The commanders of Kurdish security forces known as peshmerga and leaders of Shia militias have been exchanging accusations of planning to control the city of nearly 2 million after defeating the hard-line Sunni militants. Each group has demanded the other be excluded from the Mosul offensive.
Jawad al-Tilebawi, a spokesman for the powerful Shia militia of Asaib Ahl al-Haq, warned the Kurdish government has ambitions in the Mosul area, only two days after an official announcement by authorities in the Kurdish autonomous region that peshmerga forces have no intention of withdrawing from areas around Mosul seized from ISIS in the past two years.
“The participation of Hashid Shabi (the Shia militias) is the best guarantee to foil the expansionist ambitions of the peshmerga,” Tilebawi said.
Iraqi Shia lawmaker Iskander Wutut said the only motivation for Kurdish forces in joining the Mosul battle was to annex as much land as they can. He said the peshmerga should not be able to participate in the battle without Abadi’s approval.
“If they have the chance, Kurdish officials will not hesitate for even one minute to send their troops to occupy Baghdad itself,” said Wutut, who is a member of the parliamentary security and defence committee.
The peshmerga responded to critics by saying that Kurdish fighters are “not for rent” and do not take orders from Baghdad.
“Kurdish fighters serve only the interests of Kurdistan and they do not need any permission from anybody. Some people in Baghdad are mistaken if they think that they can issue orders to the peshmerga,” a peshmerga spokesman said.
Such fiery statements by both sides have awakened fears among Iraqis that the supposed brothers-in-arms in the war against jihadists might turn their guns against each other.
“It’s a delicate situation that must be weighed very carefully before any step north is taken,” warned Baghdad political analyst Jawad al- Tae.
“This coalition of enemies is a menace for Mosul, for Iraq, its people and future and, thus, Abadi should look for different alternatives on its composition.”
Tensions have increased with claims that Iraqi soldiers and army officers were insulted and beaten at a peshmerga checkpoint as they returned home on leave. Shia militias warned such acts would not go unpunished.
The Kurdish Regional Government (KRG) in the north and Abadi’s central government in Baghdad have a long list of disagreements over several unresolved issues ranging from oil exports, territorial disputes and federal budget allocations.
KRG President Masoud Barzani said the new borders of his region are being drawn with the blood of Kurdish forces fighting ISIS.
A few months ago, Kurdish forces and Shia militiamen were engaged in fighting to assert control over a town near the oil-rich city of Kirkuk, leaving dozens dead. The scenario could be repeated in Mosul.

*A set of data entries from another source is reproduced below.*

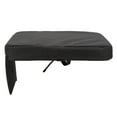 thumbnail image 3 of Heating Pad Cushion, Heating  Stadium Cushion Washable 3 Heat Gears Warm Portable  For Outdoor Sports, 3 of 8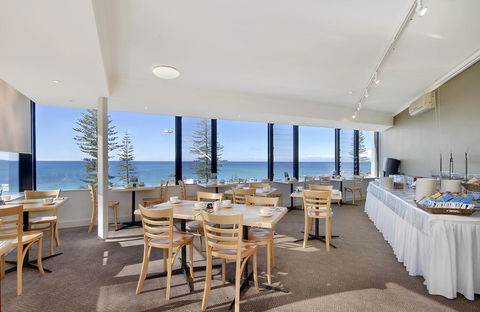 Ibis Styles Port Macquarie - Australian Destinations 23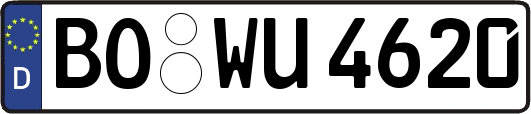 BO-WU4620
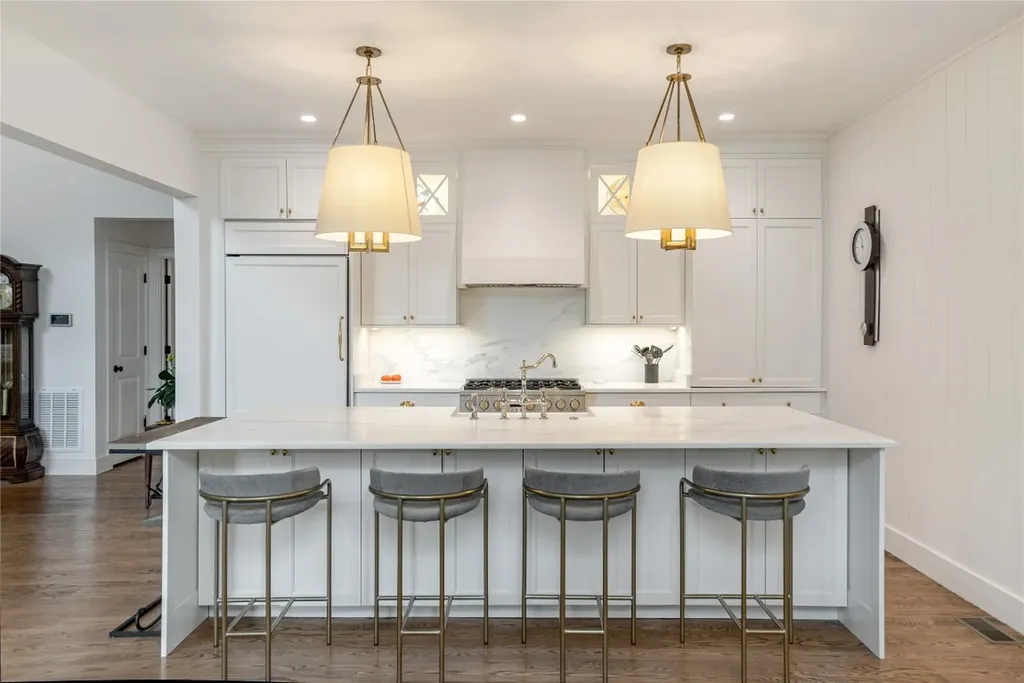 510 Boiling Springs Road Sapphire NC 28774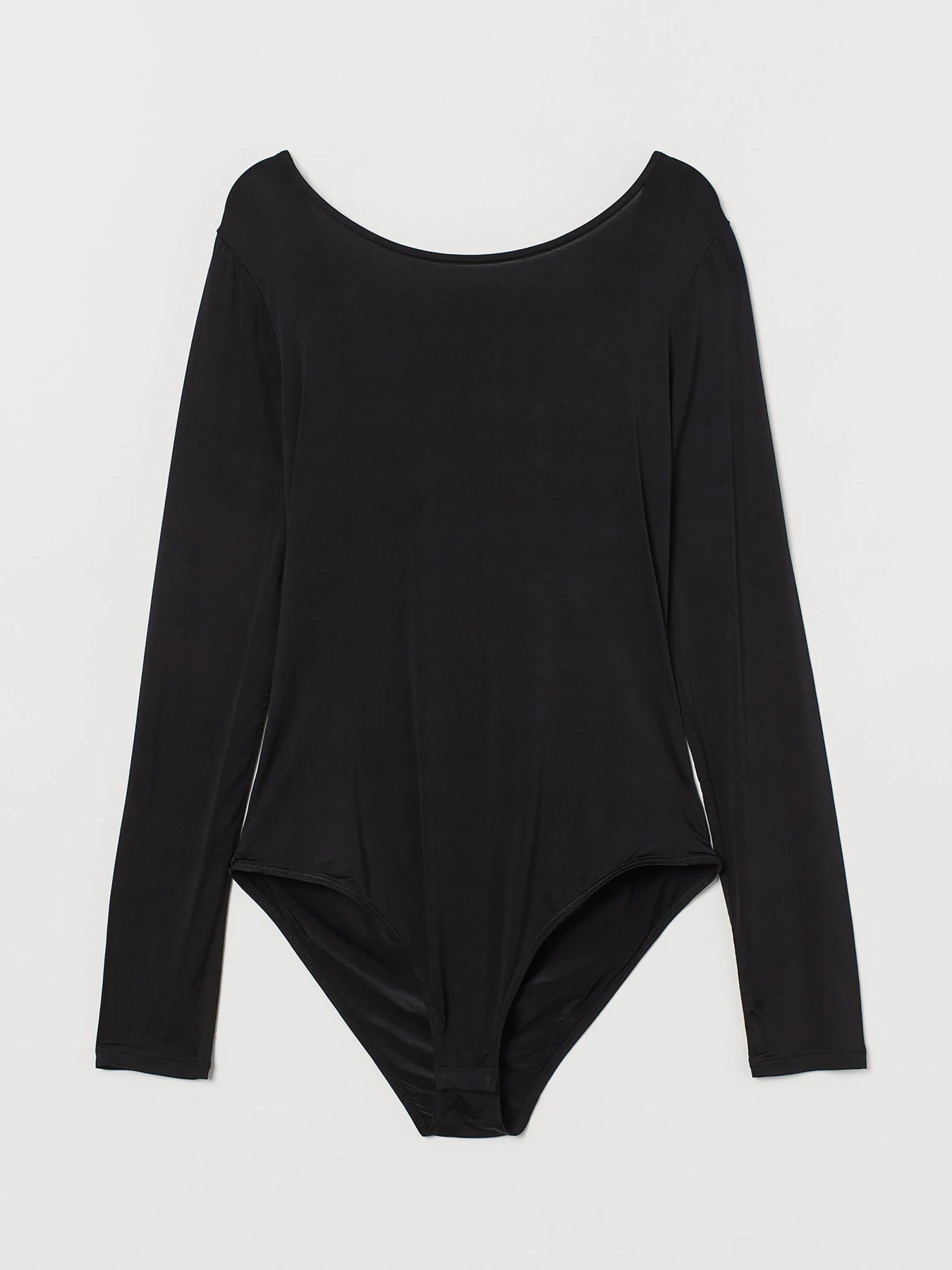 Боді та корсети H&M модель 52378 Фото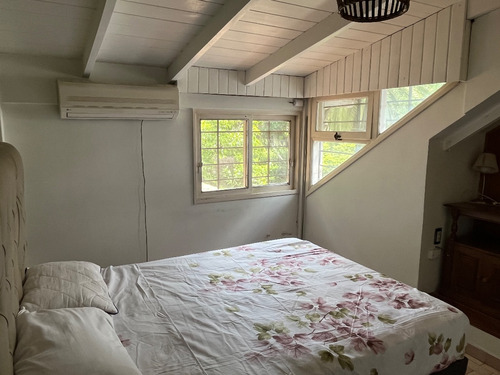 Venta Casa En Villa Udaondo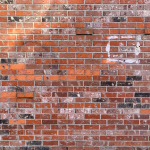 Screen Shot 2023-03-15 at 11.54.00 AM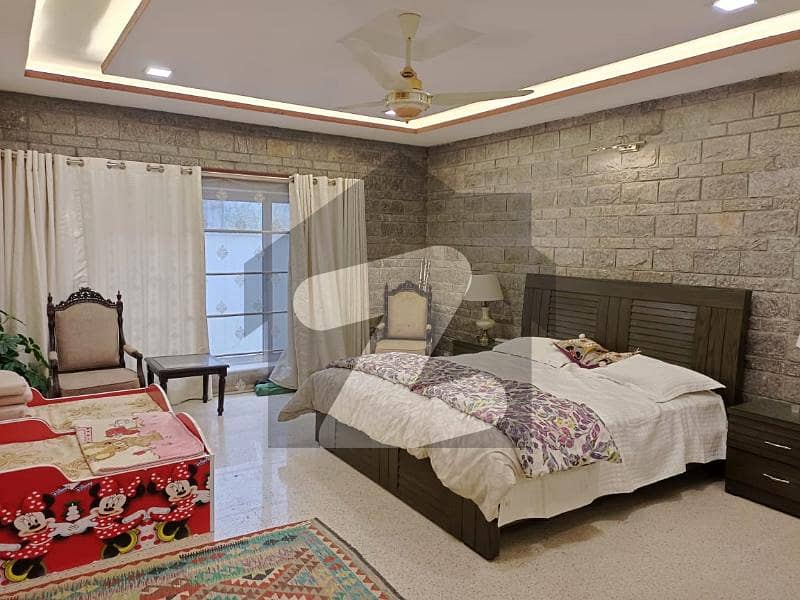 Fully Furnished Luxurious Brand New House Is For SALE Fully Furnished Luxurious Brand New House Is For SALE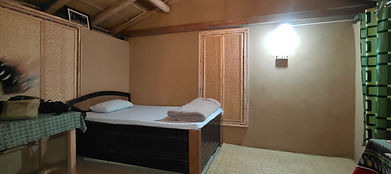 IMG_20220802_211202.jpg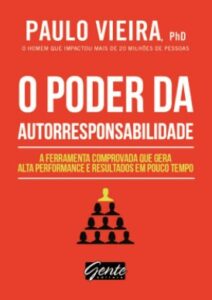 Livro 5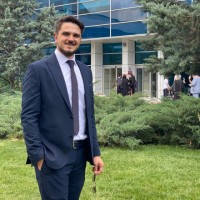 Sait Tugay Sayınoğlu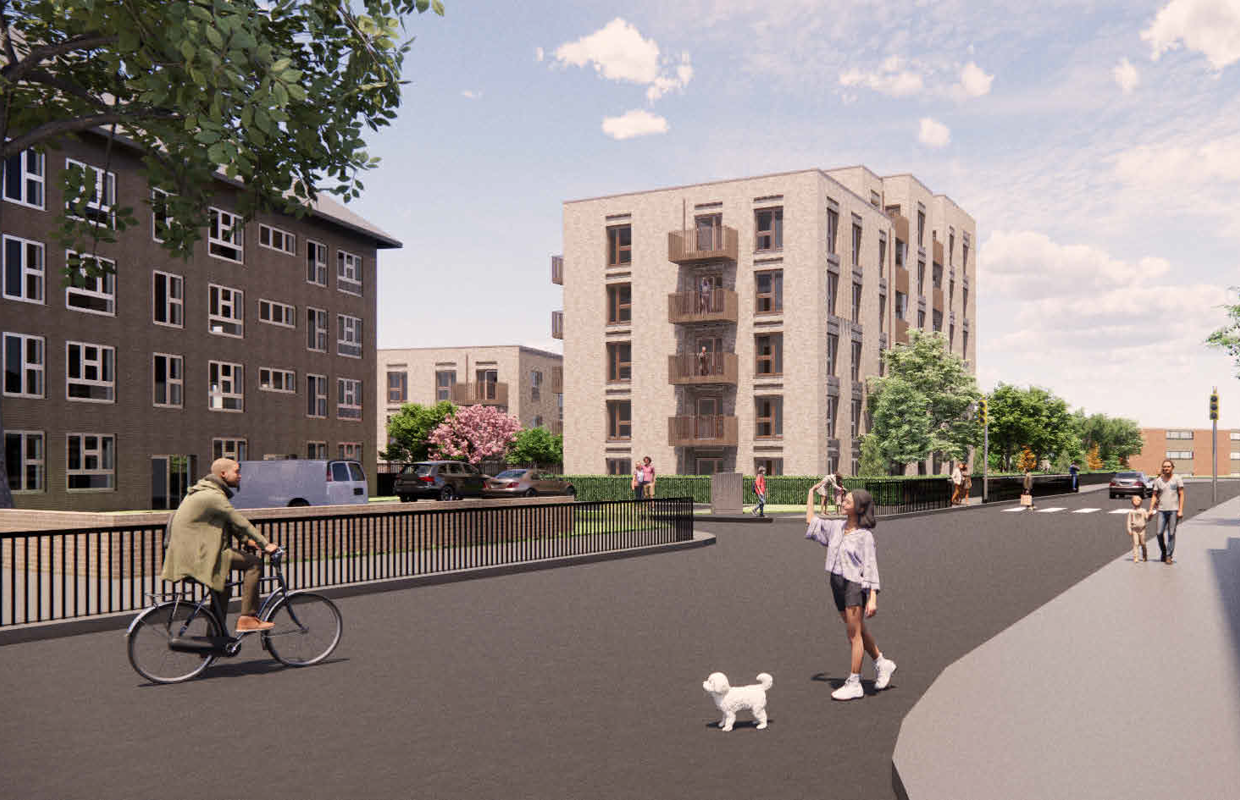 A91tm10of Kxafzd Pi0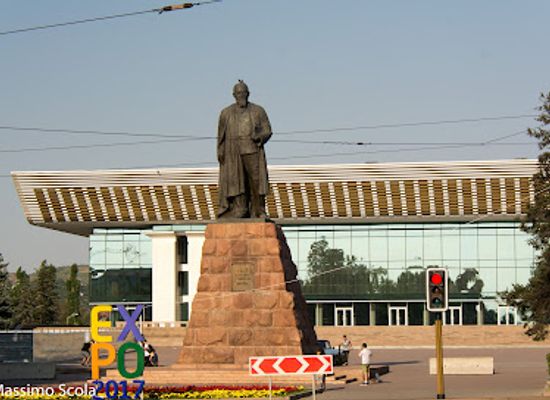kazakhstan/semirechye-seven-rivers/landmark/kok-tobe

Another kind of enmity that could hamper military operations in Mosul is the rejection by pro- Iranian groups of any US and Western involvement in the looming battle. In return, some US officials expressed objection to any participation by militiamen, fearing human rights violations and reprisals against the Sunni population.
The United States is stepping up military efforts to assist Baghdad in its war against ISIS. In a recent visit to Iraq, US Defense Secretary Ashton Carter announced he was dispatching 560 additional troops to Iraq.
The new troops will be stationed in Qayara air base, about 60km south of Mosul, which Iraqi forces recaptured from ISIS in July. The plan is to use the air base as a launching pad to retake Mosul.
With this latest round of deployments, the total official US military presence in Iraq is 4,647, mainly advisers and trainers.
Leaders of Shia militias have been critical of any new US military involvement in Mosul and some even threatened to attack US soldiers or to shoot down US warplanes.
A few days after the announcement of the US troop increase, radical Shia cleric Muqtada al-Sadr labelled US involvement as an “occupation”.
“Any intervention by the Americans or any other party is rejected and we will consider them as invaders and occupiers,” Sadr warned.